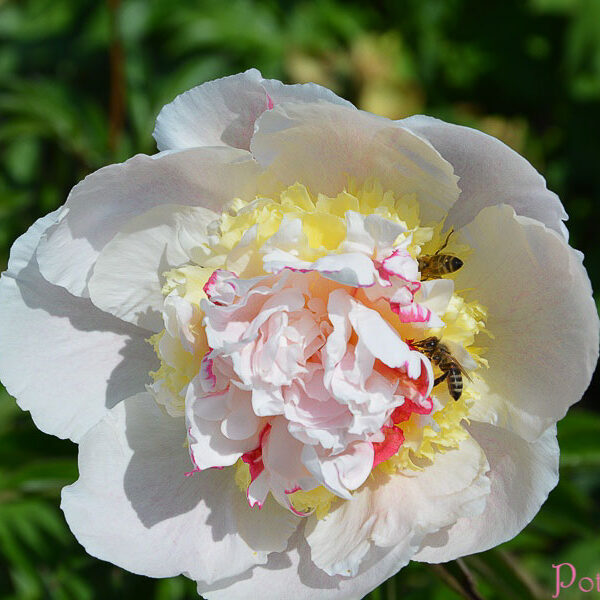 PEACH FLUFF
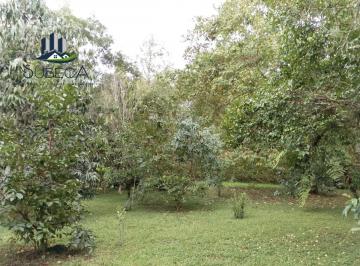 Terreno / Lote , Coatepec · Terreno en Venta – Carretera Antigua Xalapa–coatepec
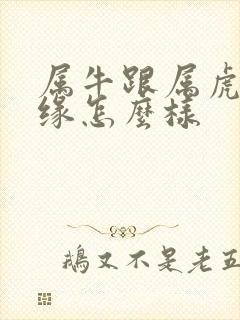 属牛跟属虎的姻缘怎么样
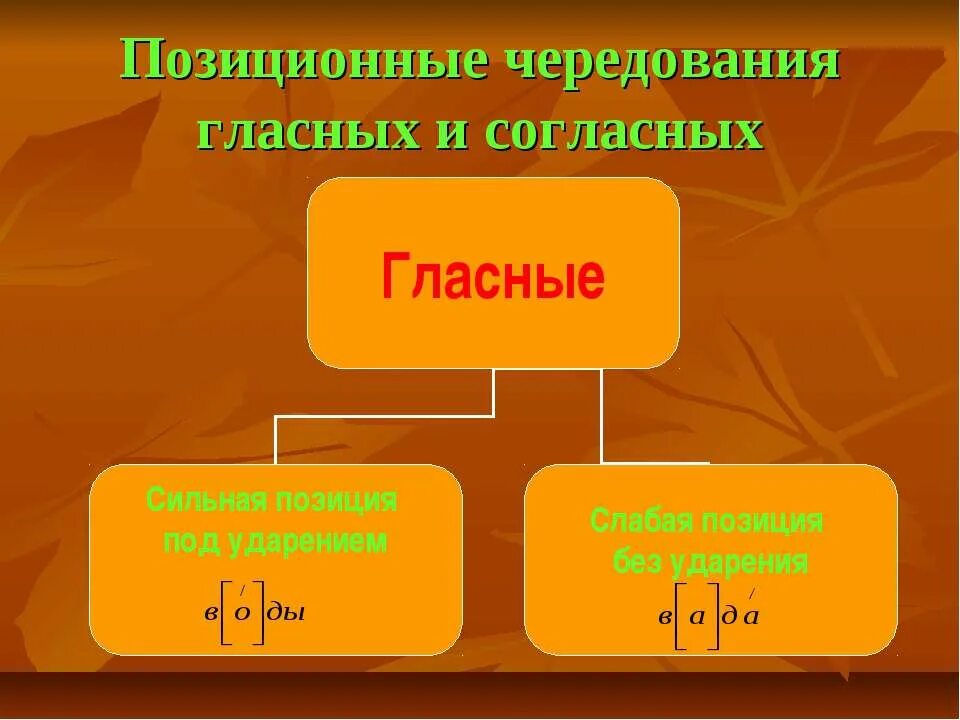 Сильный и слабый звук. Позиционное чередование русских гласных и согласных. Позиционные чередования гласных и согласных звуков. Позиционное чередование звуков. Позиционное чередование гласных звуков.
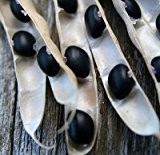 Trockenbohne 'Black Turtle 10 Samen - ORGANIC, Die gesündesten Bohnen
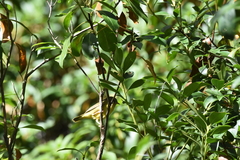 Geothlypis philadelphia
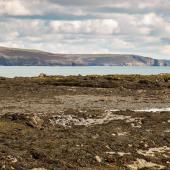 Irland_OldHead_008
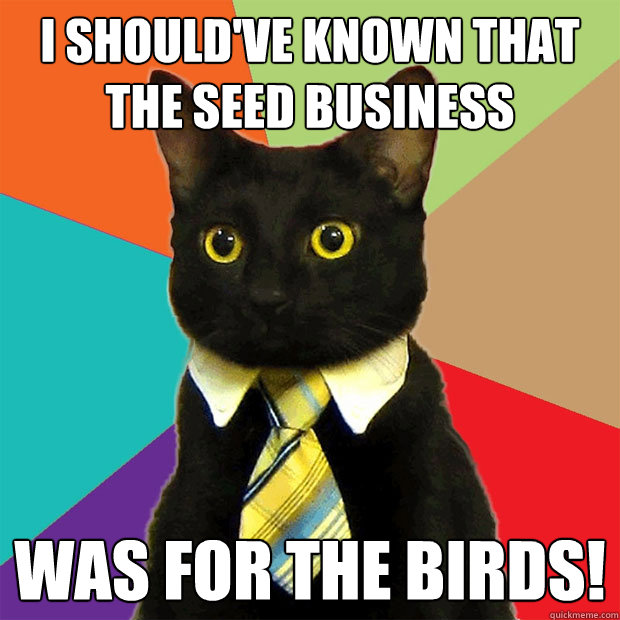 I should've known that the seed business was for the birds!  Business Cat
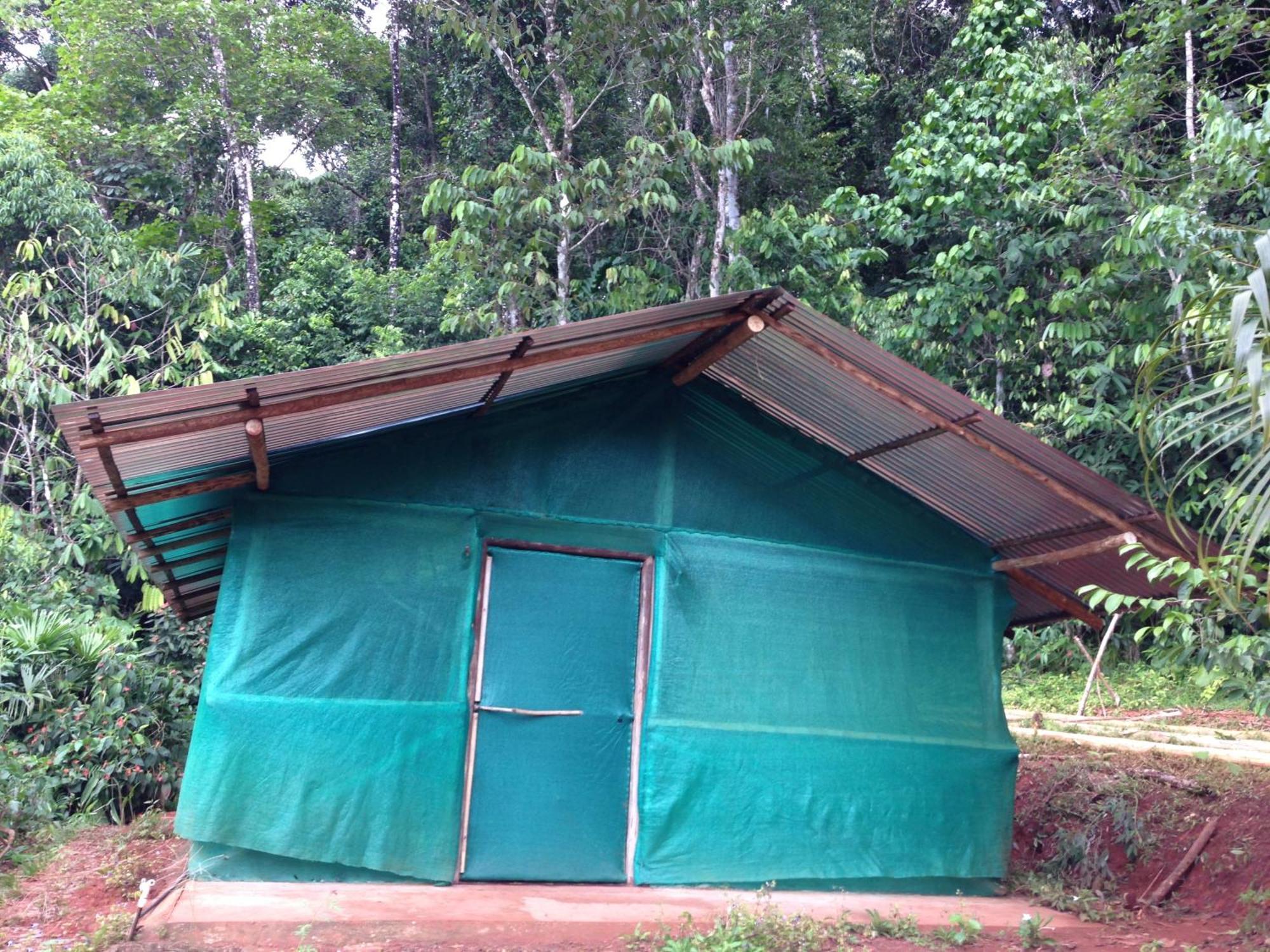 Isla Violin Eco-Lodge Drake Bay Bilik gambar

——————————

#### GOAL OF THE EXERCISE
From the line containing "I should've known" to the final line of the entries, both included, transcribe every line exactly, omit the pictures, and add nothing more.

#### FINISHED EXERCISE
 I should've known that the seed business was for the birds!  Business Cat
 Isla Violin Eco-Lodge Drake Bay Bilik gambar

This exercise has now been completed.